### YOUR OBJECTIVE
Transcribe the listing exactly; drop the images.

### DATA

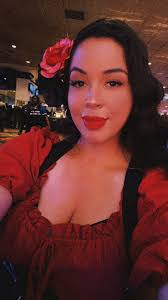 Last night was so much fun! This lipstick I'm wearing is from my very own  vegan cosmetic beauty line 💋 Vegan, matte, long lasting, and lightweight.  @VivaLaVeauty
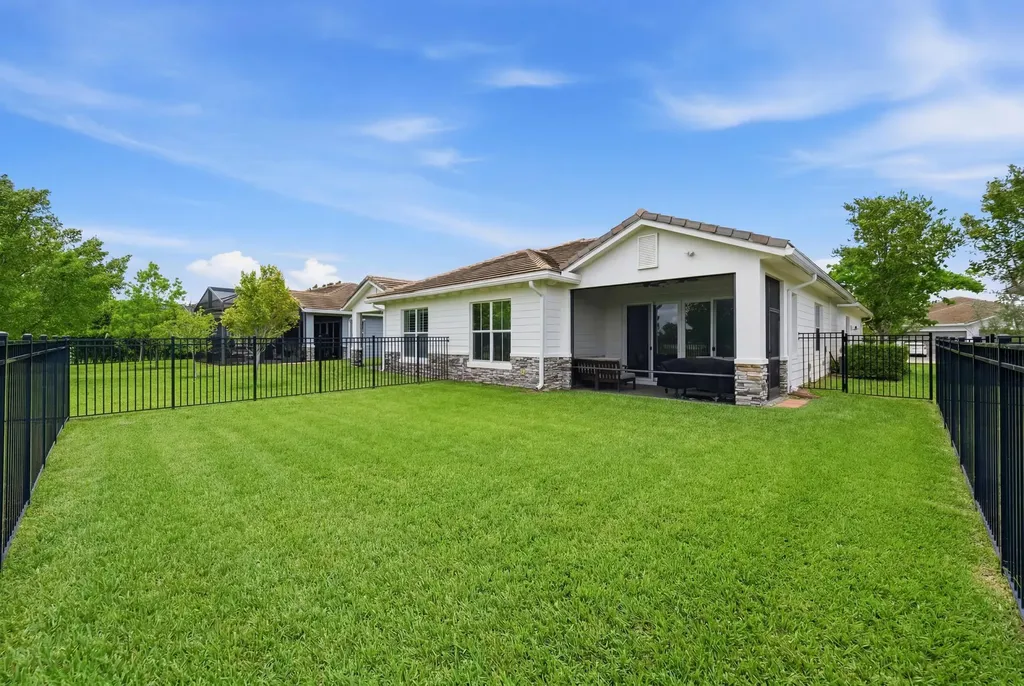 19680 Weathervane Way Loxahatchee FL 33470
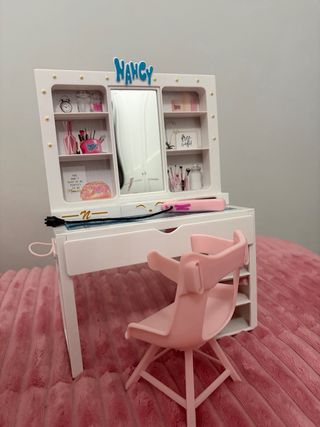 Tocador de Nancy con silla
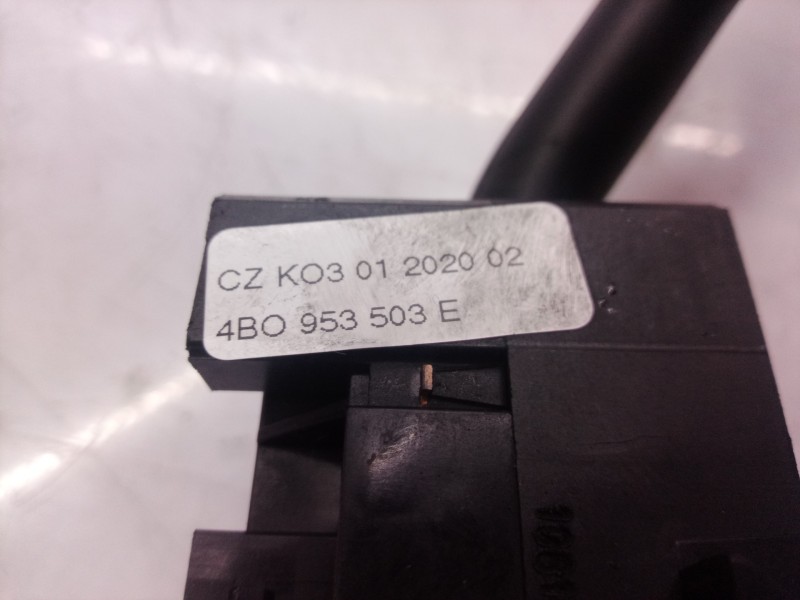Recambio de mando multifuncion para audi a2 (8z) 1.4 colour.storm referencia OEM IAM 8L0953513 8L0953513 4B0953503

### EXERCISE SOLUTION
 Last night was so much fun! This lipstick I'm wearing is from my very own  vegan cosmetic beauty line 💋 Vegan, matte, long lasting, and lightweight.  @VivaLaVeauty
 19680 Weathervane Way Loxahatchee FL 33470
 Tocador de Nancy con silla
Recambio de mando multifuncion para audi a2 (8z) 1.4 colour.storm referencia OEM IAM 8L0953513 8L0953513 4B0953503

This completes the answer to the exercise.